What you have to do:
Any pictures should be dropped; everything else in the records is to be returned exactly.

· · · · ·

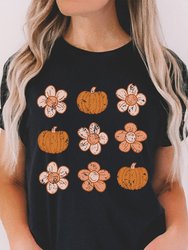 Molly Pumpkin Flower Graphic Top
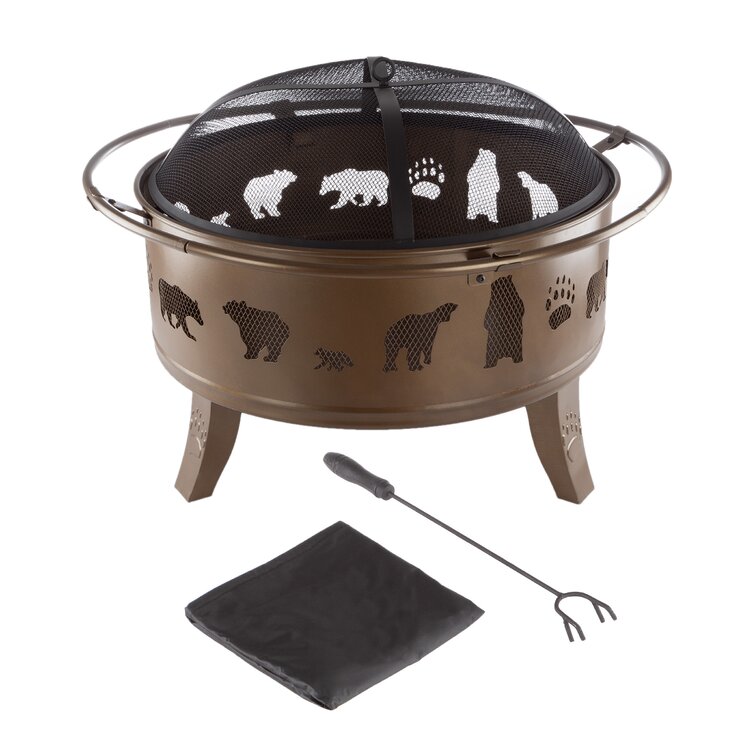 Janson 25” H x 32” W Steel Wood Burning Outdoor Fire Pit with Lid
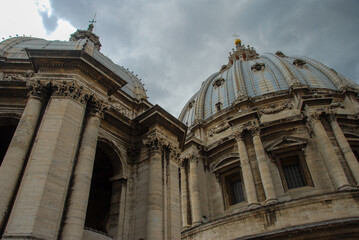 Dark clouds above St Peter Catherdral
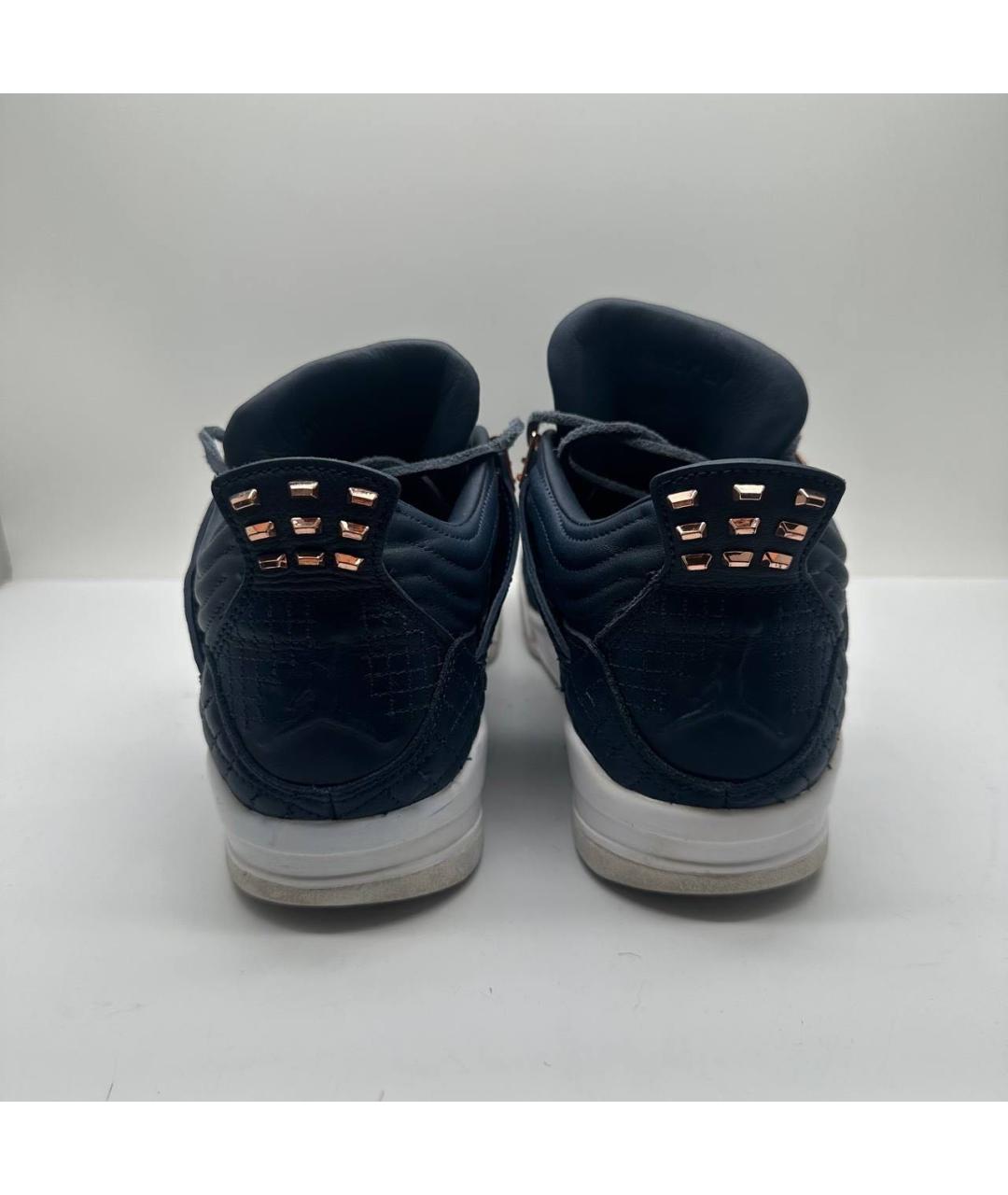 JORDAN Темно-синие кожаные высокие кроссовки / кеды, фото 4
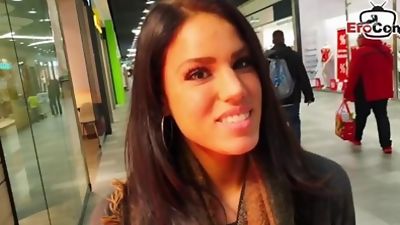 German latina model teen public pick up in shopping center and bareback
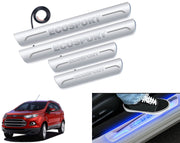 Auto Pearl Car Door Foot Step Led Sill/Scuff Plates With Mirror Finish Compatible with All Models (Set of 4)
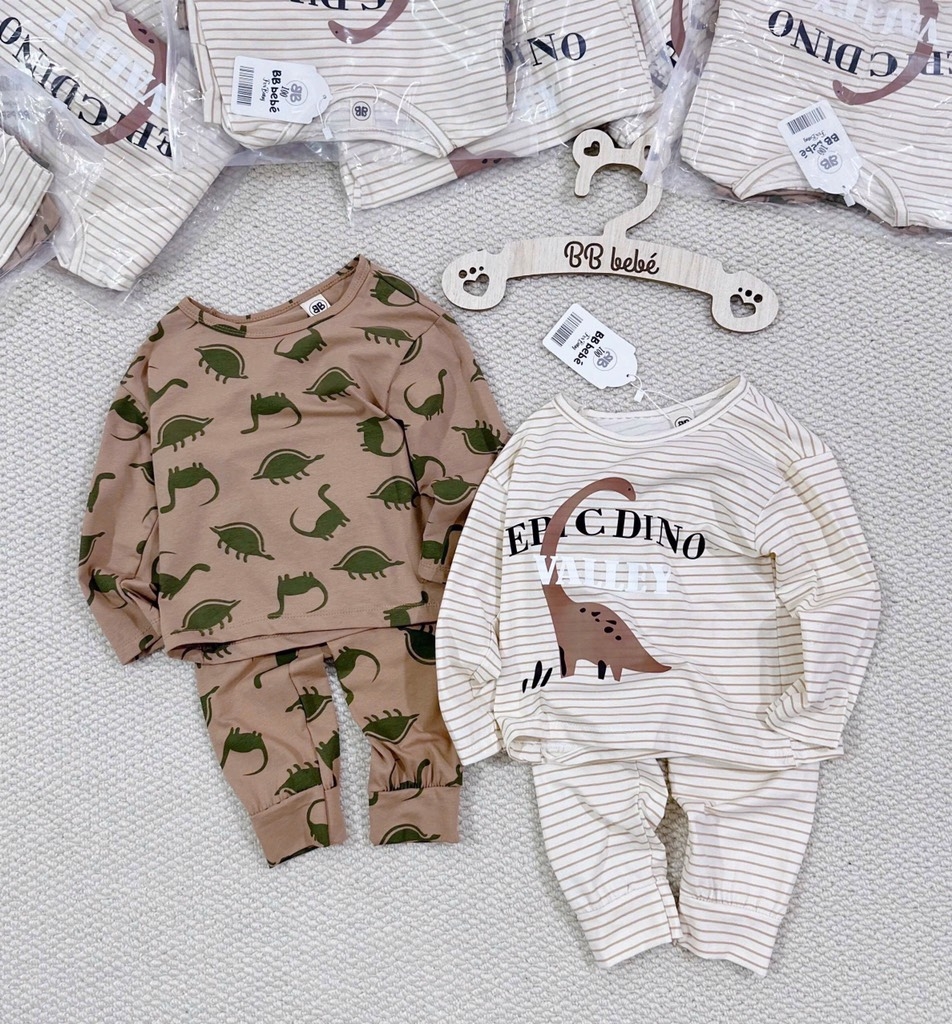 SET 2 BỘ DÀI KHỦNG LONG TONE NÂU BE SIÊU XINH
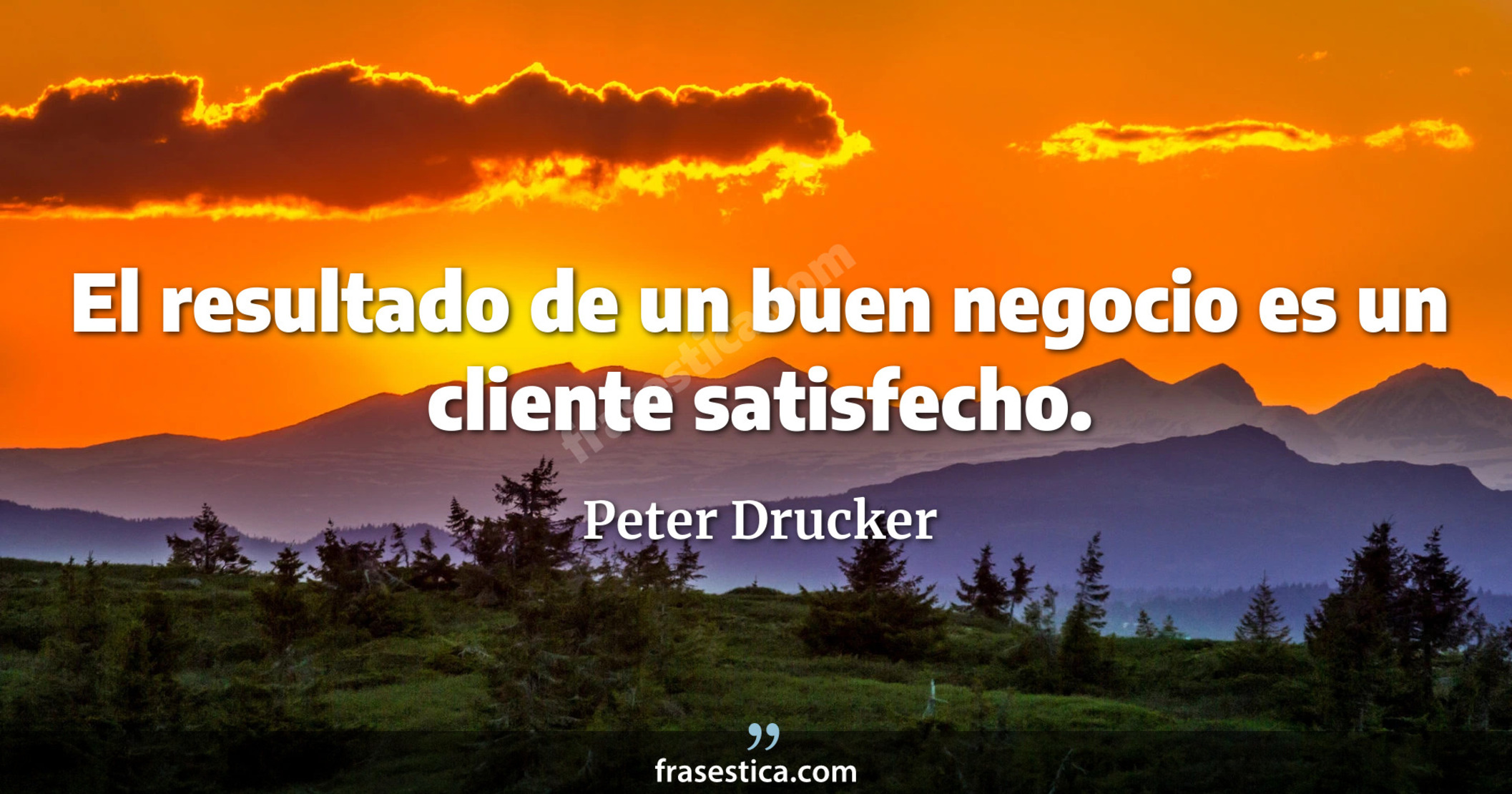 El resultado de un buen negocio es un cliente satisfecho. - Peter Drucker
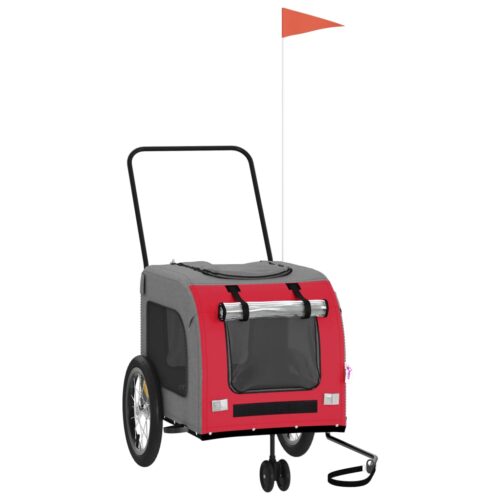 Pet Bike Trailer Red Grey Oxford Fabric Iron - Image 3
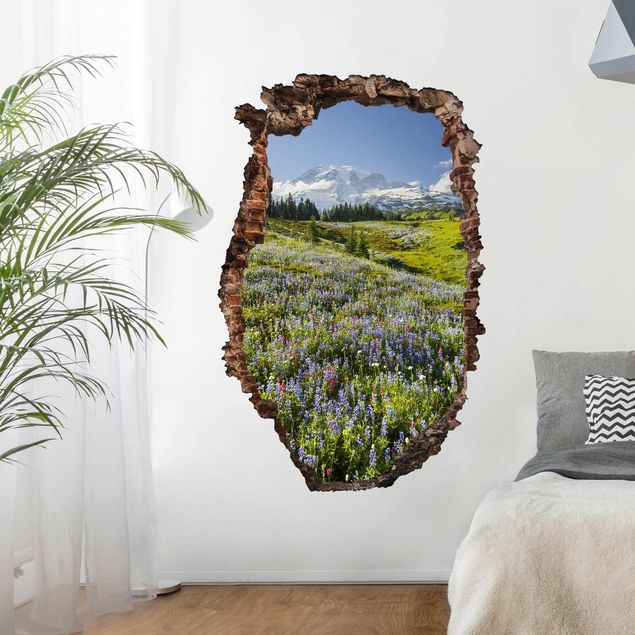 Vinil para pared 3d Mountain Meadow With Flowers In Front Of Mt. Rainier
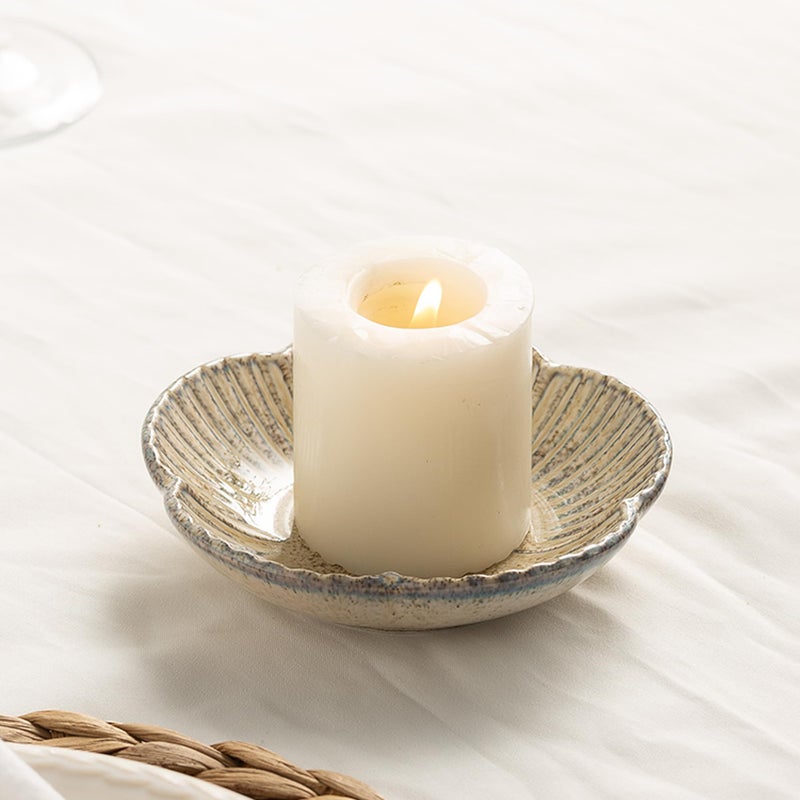 BEUNAIZER Ceramic Pillar Candle Holder Plates, Decorative Candlestick Holder, Tea Light Incense Santo Palo Holders, for Dinning, Party, Wedding, Birthday, Anniversary Decorations, 1pack (Camel) - Image 1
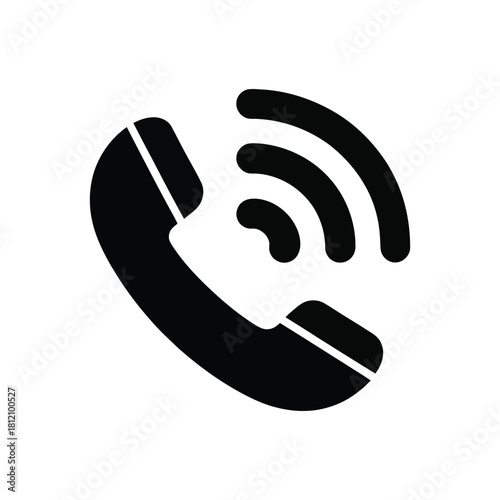 Phone Call Icon with Signal Waves – Minimalist Black Vector Symbol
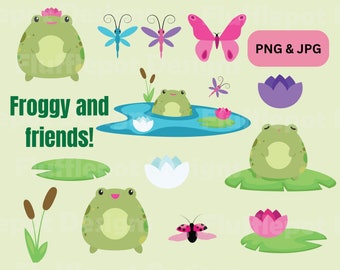 Frog Pond Clipart Set, Lotus Flower, Lilypad (PNG, JPG)
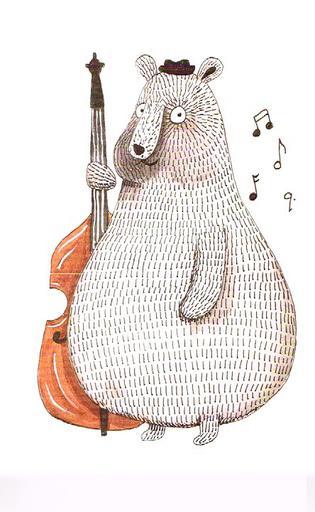 Greeting Card Bear Playing the Double Bass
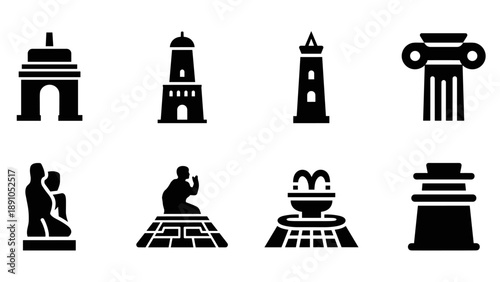 Icon collection of historical landmark silhouettes featuring lighthouses and monuments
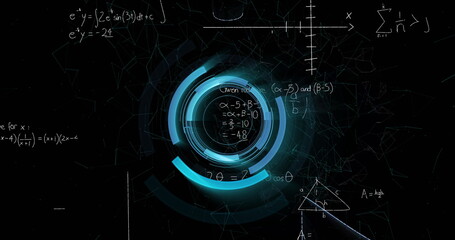 Image of scope scanning over mathematical equations on black background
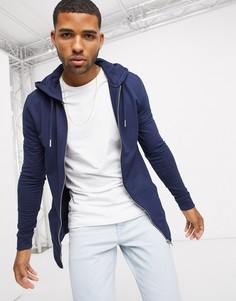 Худи темно-синего цвета из органического хлопка на молнии ASOS DESIGN-Темно-синий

· · · · ·

Task response:
 Molly Pumpkin Flower Graphic Top
 Janson 25” H x 32” W Steel Wood Burning Outdoor Fire Pit with Lid
 Dark clouds above St Peter Catherdral
 JORDAN Темно-синие кожаные высокие кроссовки / кеды, фото 4
 German latina model teen public pick up in shopping center and bareback
 Auto Pearl Car Door Foot Step Led Sill/Scuff Plates With Mirror Finish Compatible with All Models (Set of 4)
 SET 2 BỘ DÀI KHỦNG LONG TONE NÂU BE SIÊU XINH
 El resultado de un buen negocio es un cliente satisfecho. - Peter Drucker
 Pet Bike Trailer Red Grey Oxford Fabric Iron - Image 3
 Vinil para pared 3d Mountain Meadow With Flowers In Front Of Mt. Rainier
 BEUNAIZER Ceramic Pillar Candle Holder Plates, Decorative Candlestick Holder, Tea Light Incense Santo Palo Holders, for Dinning, Party, Wedding, Birthday, Anniversary Decorations, 1pack (Camel) - Image 1
 Phone Call Icon with Signal Waves – Minimalist Black Vector Symbol
 Frog Pond Clipart Set, Lotus Flower, Lilypad (PNG, JPG)
 Greeting Card Bear Playing the Double Bass
 Icon collection of historical landmark silhouettes featuring lighthouses and monuments
 Image of scope scanning over mathematical equations on black background
 Худи темно-синего цвета из органического хлопка на молнии ASOS DESIGN-Темно-синий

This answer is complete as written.